+++ DATA PROVIDED +++

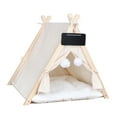 thumbnail image 4 of Tienda de campaña tipo tipi para mascotas, para gatos, con cojín, refugio transpirable, semicerrado, para perros beige, 4 of 8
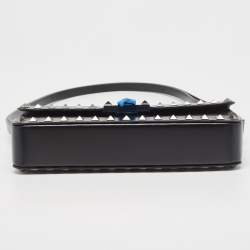 Pre Owned Valentino Black Leather Rockstud Flap Shoulder Bag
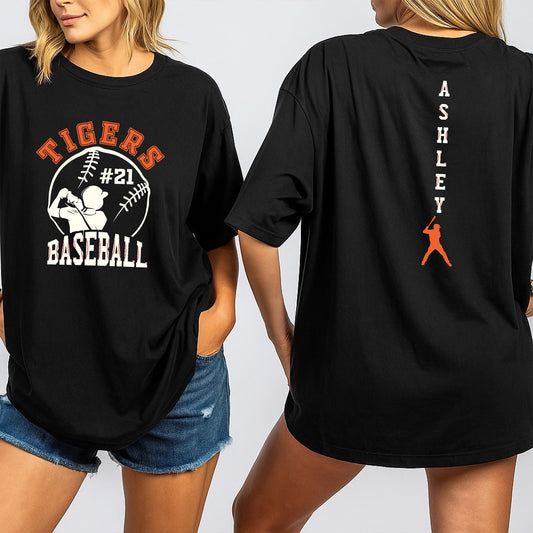 Custom Tigers Baseball Jersey Tee with Ashley Name & #21 Baseball Graphic, Game Day Fan Shirt, Team Spirit Wear Gift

+++

ASSIGNMENT —
Each line of the data above must be reproduced as written. Skip the pictures.

OUTPUT OF THE TASK —
 thumbnail image 4 of Tienda de campaña tipo tipi para mascotas, para gatos, con cojín, refugio transpirable, semicerrado, para perros beige, 4 of 8
 Pre Owned Valentino Black Leather Rockstud Flap Shoulder Bag
 Custom Tigers Baseball Jersey Tee with Ashley Name & #21 Baseball Graphic, Game Day Fan Shirt, Team Spirit Wear Gift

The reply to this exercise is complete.